“La Infoxicación Digital”

Manuel Cruz

Con la caída del muro de Berlín y desclasificación para el uso doméstico de la llamada era de la información y la tecnología, se abrió un mundo rabiosamente bombardeado por el consumo, la información, la tecnología y los cambios políticos. Y, con ellos, la aparición de segmentos sociales que tienen sus propios comportamientos, sus propias fábulas, sus singulares mitos y sus pletóricas estupideces. Dentro de ese contexto, se ha construido lo que el sociólogo polaco Zygmunt Bauman ha definido como enjambres; “donde el valor de los individuos está a merced de un clic de ratón y no se necesitan habilidades sociales”.

Estúpidos del Siglo XXI.

Paradójicamente, en la era de la información y el conocimiento con la disrupción del internet se ha generado una involución social, propiciada por el individualismo y la information overload como había sido presagiado en 1970 por el gran Alvin Toffler. La misma, ha dado al traste con esa “sociedad líquida” donde lo inmediato supera lo importante. Y, donde el afán desmedido por generar información, primicias e impacto a través de las redes sociales; propicia que sea más importante el engagement producido por la noticia de un genocidio que el hecho mismo. En efecto, esa lógica ha propagado una infoxicación exponencial consumida por indoctos y tarúpidos.

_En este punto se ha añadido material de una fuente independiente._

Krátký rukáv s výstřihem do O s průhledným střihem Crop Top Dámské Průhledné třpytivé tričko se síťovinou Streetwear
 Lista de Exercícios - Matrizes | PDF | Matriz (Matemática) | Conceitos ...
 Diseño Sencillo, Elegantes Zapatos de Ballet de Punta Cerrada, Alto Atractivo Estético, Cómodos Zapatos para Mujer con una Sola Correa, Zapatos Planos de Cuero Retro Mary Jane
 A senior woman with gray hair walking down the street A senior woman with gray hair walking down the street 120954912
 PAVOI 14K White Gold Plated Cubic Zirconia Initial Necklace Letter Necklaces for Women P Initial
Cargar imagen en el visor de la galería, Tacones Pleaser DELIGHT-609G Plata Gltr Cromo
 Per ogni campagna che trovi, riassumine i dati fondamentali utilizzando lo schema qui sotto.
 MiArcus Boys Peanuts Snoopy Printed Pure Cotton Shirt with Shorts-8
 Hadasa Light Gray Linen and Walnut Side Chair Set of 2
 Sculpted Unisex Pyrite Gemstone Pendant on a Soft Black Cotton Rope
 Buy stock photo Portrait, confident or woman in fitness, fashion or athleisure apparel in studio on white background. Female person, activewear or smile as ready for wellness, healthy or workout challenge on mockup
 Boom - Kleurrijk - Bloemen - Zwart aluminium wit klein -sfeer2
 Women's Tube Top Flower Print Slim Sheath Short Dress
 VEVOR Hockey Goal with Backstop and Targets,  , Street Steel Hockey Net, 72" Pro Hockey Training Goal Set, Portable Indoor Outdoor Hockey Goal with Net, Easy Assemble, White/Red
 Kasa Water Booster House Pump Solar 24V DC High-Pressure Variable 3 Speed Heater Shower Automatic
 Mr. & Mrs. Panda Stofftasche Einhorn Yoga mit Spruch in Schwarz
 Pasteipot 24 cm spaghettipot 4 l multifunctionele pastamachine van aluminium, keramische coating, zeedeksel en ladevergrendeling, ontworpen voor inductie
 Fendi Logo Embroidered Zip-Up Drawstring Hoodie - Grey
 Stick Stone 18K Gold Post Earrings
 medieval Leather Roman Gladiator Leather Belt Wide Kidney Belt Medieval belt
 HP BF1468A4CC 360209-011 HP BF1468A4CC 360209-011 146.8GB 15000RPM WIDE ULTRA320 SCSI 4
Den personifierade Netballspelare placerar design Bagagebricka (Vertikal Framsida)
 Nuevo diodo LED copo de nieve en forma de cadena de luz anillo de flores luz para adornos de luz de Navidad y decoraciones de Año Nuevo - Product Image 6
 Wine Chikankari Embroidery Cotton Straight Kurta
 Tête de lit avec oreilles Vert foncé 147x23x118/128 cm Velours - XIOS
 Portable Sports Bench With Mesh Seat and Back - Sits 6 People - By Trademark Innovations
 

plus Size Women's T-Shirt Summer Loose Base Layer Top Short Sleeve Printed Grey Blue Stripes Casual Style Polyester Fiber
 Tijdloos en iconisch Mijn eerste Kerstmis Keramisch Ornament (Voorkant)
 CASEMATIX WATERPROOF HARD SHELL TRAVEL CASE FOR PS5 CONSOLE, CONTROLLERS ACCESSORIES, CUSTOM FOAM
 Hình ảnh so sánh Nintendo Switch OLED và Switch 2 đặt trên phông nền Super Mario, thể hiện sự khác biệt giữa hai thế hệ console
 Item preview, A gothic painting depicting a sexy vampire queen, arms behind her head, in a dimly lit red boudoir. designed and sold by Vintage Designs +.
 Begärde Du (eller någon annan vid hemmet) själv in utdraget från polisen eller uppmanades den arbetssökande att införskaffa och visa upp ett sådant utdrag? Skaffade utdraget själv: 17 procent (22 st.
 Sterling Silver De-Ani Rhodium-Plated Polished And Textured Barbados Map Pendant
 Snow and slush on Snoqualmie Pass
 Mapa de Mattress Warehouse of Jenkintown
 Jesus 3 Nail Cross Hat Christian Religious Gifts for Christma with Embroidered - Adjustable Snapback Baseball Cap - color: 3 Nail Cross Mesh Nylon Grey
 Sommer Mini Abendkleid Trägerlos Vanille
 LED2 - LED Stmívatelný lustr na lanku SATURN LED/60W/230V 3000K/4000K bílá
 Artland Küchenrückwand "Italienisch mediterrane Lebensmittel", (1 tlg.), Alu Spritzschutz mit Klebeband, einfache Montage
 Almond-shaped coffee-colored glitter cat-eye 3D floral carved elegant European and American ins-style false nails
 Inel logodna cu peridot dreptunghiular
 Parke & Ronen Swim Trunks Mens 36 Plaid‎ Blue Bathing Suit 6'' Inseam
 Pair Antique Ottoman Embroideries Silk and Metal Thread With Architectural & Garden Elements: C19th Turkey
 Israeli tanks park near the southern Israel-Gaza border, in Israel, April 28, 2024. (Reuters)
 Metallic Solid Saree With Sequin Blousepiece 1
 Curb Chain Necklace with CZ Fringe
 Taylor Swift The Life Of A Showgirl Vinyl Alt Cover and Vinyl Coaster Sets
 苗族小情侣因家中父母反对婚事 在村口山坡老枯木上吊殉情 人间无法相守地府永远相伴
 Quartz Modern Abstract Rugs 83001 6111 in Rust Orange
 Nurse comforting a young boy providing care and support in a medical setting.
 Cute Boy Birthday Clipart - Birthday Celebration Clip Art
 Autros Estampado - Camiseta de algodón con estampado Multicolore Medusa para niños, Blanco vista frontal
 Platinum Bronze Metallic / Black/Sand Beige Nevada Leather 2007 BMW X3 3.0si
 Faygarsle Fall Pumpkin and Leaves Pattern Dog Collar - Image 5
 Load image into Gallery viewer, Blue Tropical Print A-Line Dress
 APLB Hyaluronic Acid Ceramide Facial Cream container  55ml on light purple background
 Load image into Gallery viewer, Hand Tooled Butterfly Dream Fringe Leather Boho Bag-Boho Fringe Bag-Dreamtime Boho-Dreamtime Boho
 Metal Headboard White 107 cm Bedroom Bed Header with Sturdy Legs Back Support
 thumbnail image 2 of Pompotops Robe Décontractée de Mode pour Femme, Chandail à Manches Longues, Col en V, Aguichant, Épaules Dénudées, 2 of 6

De igual forma, ese despliegue de información, de fake news, de posverdad y el auge de los like han engendrado y reafirmado lo descrito por el gran escritor italiano Umberto Eco en su obra El Péndulo de Foucalt; donde advirtió, “que las redes sociales permiten que la opinión de los necios, tenga la misma relevancia que la de un premio Nobel”. Esa insoslayable realidad ha multiplicado a los estúpidos en legiones, y se ha convertido en caldo de cultivo para que insignificantes digitales consigan ejércitos de autómatas de carne y hueso; que se encargan de replicar y compartir millares de informaciones y falsedades que solo sirven para un coprológico.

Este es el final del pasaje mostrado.